(WHAT THIS TASK INVOLVES)
After finding the line with "Recently I got" in the entries below, copy that line and each one after it exactly, through the last line, and omit pictures.

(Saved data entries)
Content starts

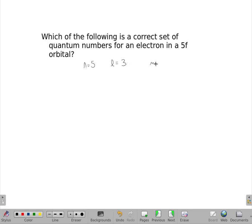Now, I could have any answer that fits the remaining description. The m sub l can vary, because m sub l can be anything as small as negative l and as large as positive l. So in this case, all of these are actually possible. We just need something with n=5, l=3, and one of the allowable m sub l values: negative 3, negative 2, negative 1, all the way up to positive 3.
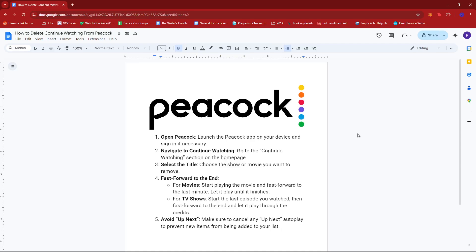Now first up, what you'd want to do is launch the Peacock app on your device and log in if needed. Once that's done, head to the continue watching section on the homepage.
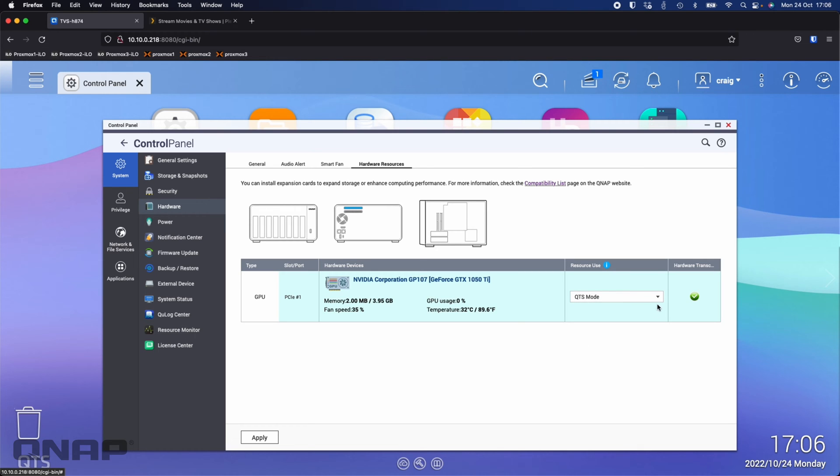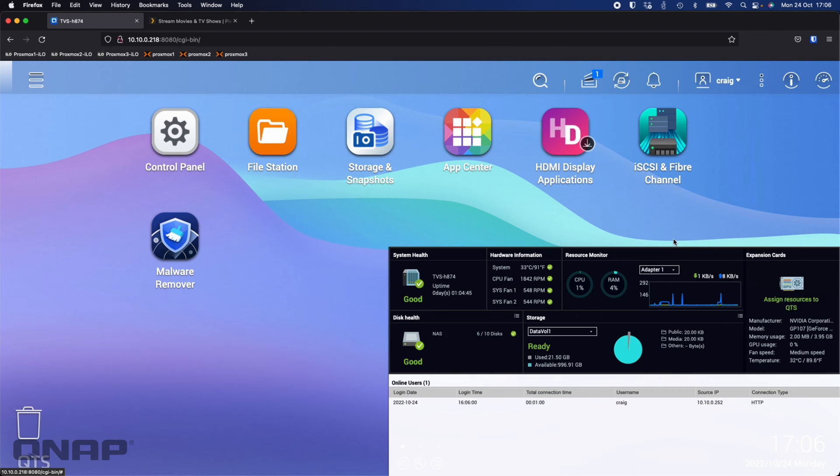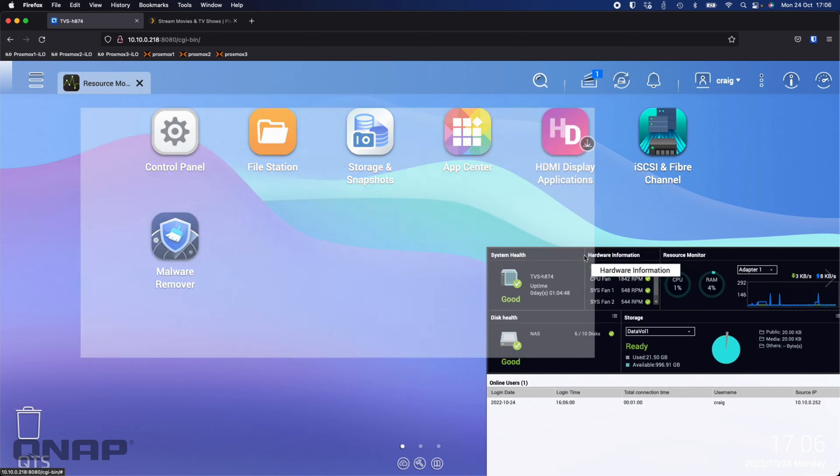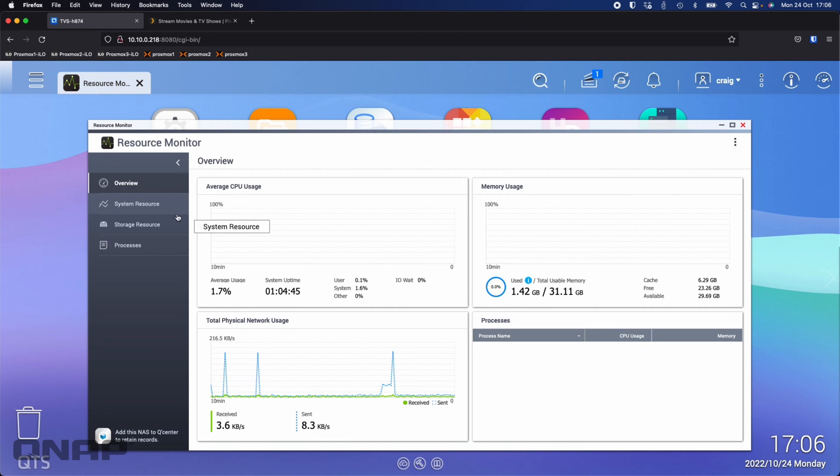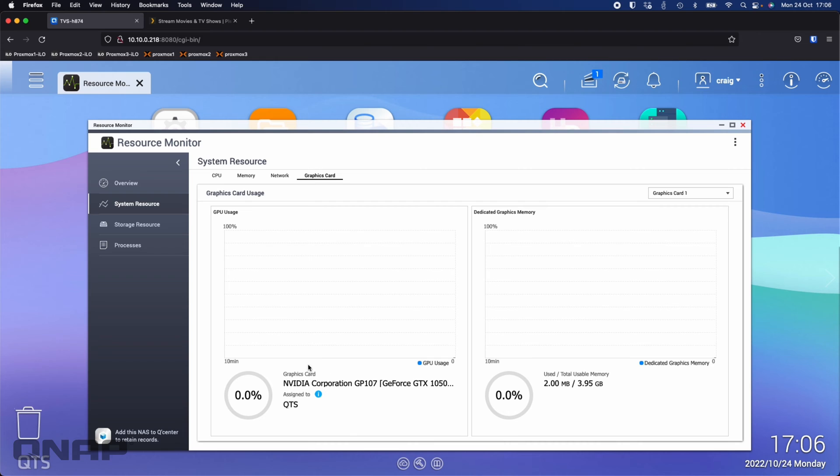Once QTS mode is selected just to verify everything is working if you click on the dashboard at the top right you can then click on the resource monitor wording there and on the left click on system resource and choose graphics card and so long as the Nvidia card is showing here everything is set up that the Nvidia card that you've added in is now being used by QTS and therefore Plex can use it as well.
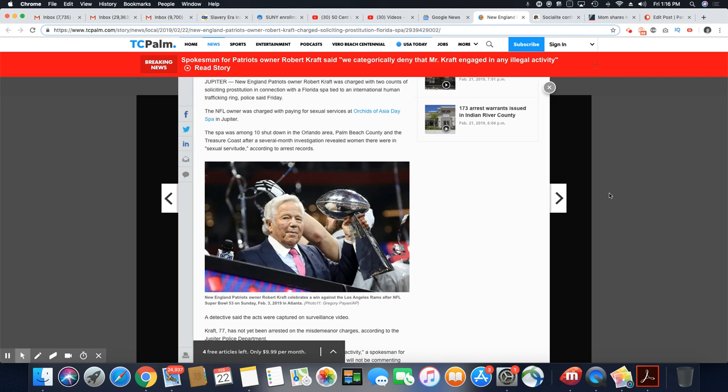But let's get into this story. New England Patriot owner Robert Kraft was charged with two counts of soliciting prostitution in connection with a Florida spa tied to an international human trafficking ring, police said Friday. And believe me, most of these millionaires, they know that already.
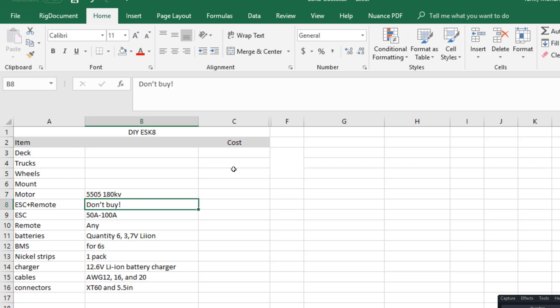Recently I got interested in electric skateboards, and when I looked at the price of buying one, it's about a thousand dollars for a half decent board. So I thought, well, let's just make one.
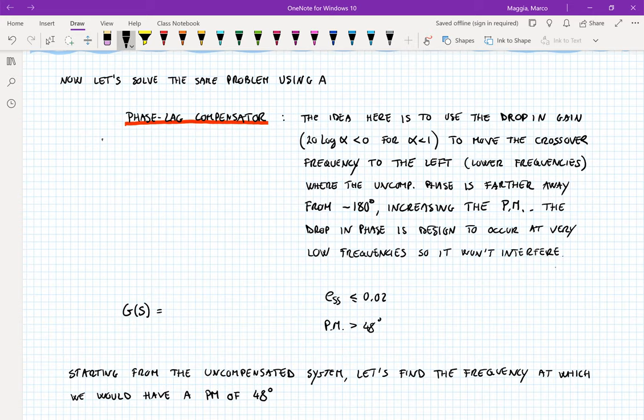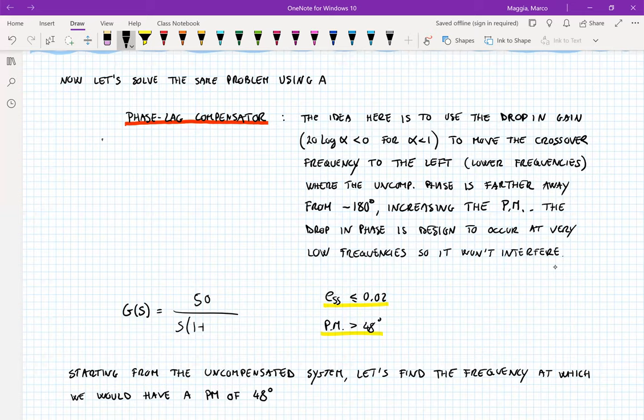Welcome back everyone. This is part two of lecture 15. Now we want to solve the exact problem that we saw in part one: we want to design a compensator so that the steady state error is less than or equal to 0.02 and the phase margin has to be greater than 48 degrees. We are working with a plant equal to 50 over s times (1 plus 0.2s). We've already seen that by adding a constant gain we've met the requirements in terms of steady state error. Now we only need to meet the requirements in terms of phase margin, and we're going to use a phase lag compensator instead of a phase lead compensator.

Content ends

(EXERCISE ANSWER)
Recently I got interested in electric skateboards, and when I looked at the price of buying one, it's about a thousand dollars for a half decent board. So I thought, well, let's just make one.
Welcome back everyone. This is part two of lecture 15. Now we want to solve the exact problem that we saw in part one: we want to design a compensator so that the steady state error is less than or equal to 0.02 and the phase margin has to be greater than 48 degrees. We are working with a plant equal to 50 over s times (1 plus 0.2s). We've already seen that by adding a constant gain we've met the requirements in terms of steady state error. Now we only need to meet the requirements in terms of phase margin, and we're going to use a phase lag compensator instead of a phase lead compensator.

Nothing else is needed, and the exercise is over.